It is a house well-suited for dinner parties, so that’s what we do, plan them over and over, or more specifically, plan who will come. They are the sorts of parties that cause heads of state to postpone summits. Such is the grandeur we assign.

Everyone wants to be here, and because of this we spend hours deciding on our guests. Carolyn has a schoolgirl crush on Steven Tyler, the singer from Aerosmith, so he is given a seat. I’ve just seen
The English Patient,
so I put Ralph Fiennes on the list. “We have to be selective about whom we have over,” I say. “It will be
very
exclusive. No reporters. No interviews. And they have to be able to soft shoe and tell a good joke.”

We expect there to be cameras clumped in the hedges at all times, waiting for us to appear—it suits us fine, since in the tradition of
Grey Gardens
we will rarely step outside. We imagine that everyone will want to talk to us, and we also imagine it quiet. We are wanted, yet left alone—the clamor entirely at our disposal.

“I’ll be the eccentric, aged beauty,” Carolyn says. “We’ll have all these pictures of me—the young me—around and I’ll bring them out for visitors.”

The floors are dark wood, “very shiny,” she says. “Walnut.” And the closets are an acre wide filled with gowns and bejeweled shoes that we will change for every meal.

Our guests are completely enthralled with us, spellbound by our stories. They will stay until dawn, we imagine, and listen to us breathlessly, humbled and grateful for our splendor.

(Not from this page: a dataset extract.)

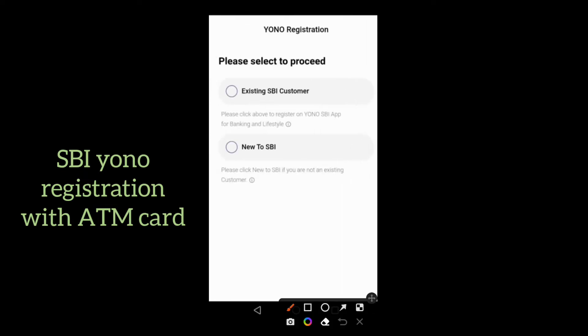After opening the application, you will get two options. The first one is existing SBI customer and the next one is new to SBI. If you already have an account in SBI, then select the existing SBI customer option.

We are always dressed in our townhouse—fashionable spinsters with nowhere to go. “You, the ‘Widow Radziwill,’” Carolyn says. “Who’s going to date you?”

“Oh,
really,
look who’s talking,” I shoot back. “Mrs. John F. Kennedy Jr.”

We are Lucy and Ethel, Ginger and Mary Ann, the tortoise and the hare. Pick a twosome—one dazzle and charisma, the other flannel-lined jeans. In the townhouse she lets me shine. She lets me have an
after
—in a grand, gothic style. It is a place where my husband isn’t dying and she isn’t expected to embody Camelot. Just a glittery room set apart from our world, where we live trouble-free, whiling our days away on guest lists.

5

In Year Five, Anthony almost dies three times.

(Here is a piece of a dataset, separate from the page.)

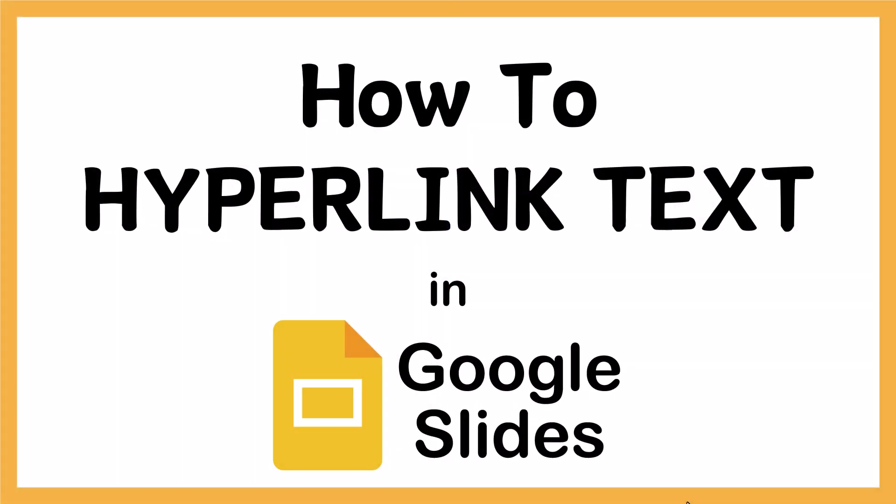This is a video tutorial on how to hyperlink text in Google Slides. I will be using a desktop PC for this. Let me jump over to my browser.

Christmas is precarious. We make appearances. We haven’t seen my family in a long time. They are aware of his cancer, but I keep them at a distance, making excuses for missed birthday parties. But Christmas is hard to avoid, so we go to my parents’ house and exchange presents with my brothers and sisters. It’s awkward. They haven’t seen him like this. The house fills up and I flit around, work the room. I am louder and happier in hopes that no one will notice him. I try to be present enough for the both of us while zealously guarding his position on the couch. He barely moves from it. He is thinner now than anyone in my family has ever seen him. There is no hiding anything today, and no one knows what to say.

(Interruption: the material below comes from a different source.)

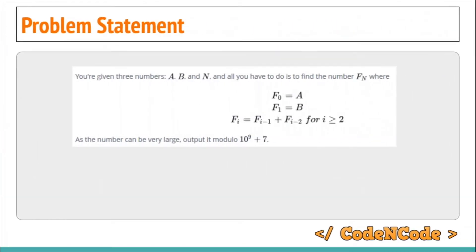Before starting the lecture, if you want to help this channel grow financially, you can pay some donations. The donation payment details are in the description. Now, about the problem.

I am glad when we leave and drive back to the city for Christmas dinner with Carolyn and John. There is nervous energy around all of us. We plan a trip to Cuba and Greece. We are trying to ramp a lifetime into a few short years.

The next day Anthony and I fly down to Florida to spend New Year’s with Holly. We stay with her father and stepmother, Pete and Joan, in their guesthouse in Vero Beach. Anthony is still very weak, but he wants to go, to be with Holly and her family, to swim in the pool and enjoy the beach. I feel guilty because I don’t want to be here. At work people were talking about ski trips and vacations; couples were doing this and that. I was sick of death, sick of blood, sick of bile and walking with canes. I am tired, and I want only to sleep. I sleep on a chaise by the pool and dream about a beach in Cuba. But Anthony isn’t there in my dream. I can’t imagine how we can possibly get him there. I don’t say it to anyone. It terrifies me when a little voice whispers it to me.
I want to be free.

 

“It’s not good. I think I’m in trouble.”

I look at the clock; it is six in the morning. Anthony’s standing over the sink. I jump out of bed and run to the bathroom.

“Oh. Wow. Okay. Okay, I need to call. We need to get to a hospital.” He has been throwing up in the dark so he won’t wake me, and when I flip on the light the sink looks as if it’s filled with bright-red paint.

I call Joan and Pete in the main house and tell them I need an ambulance. Florida, it seems, is organized for medical emergencies. Joan pushes a button in the house, a direct line to the ambulance service, and four minutes later two men arrive at the front door.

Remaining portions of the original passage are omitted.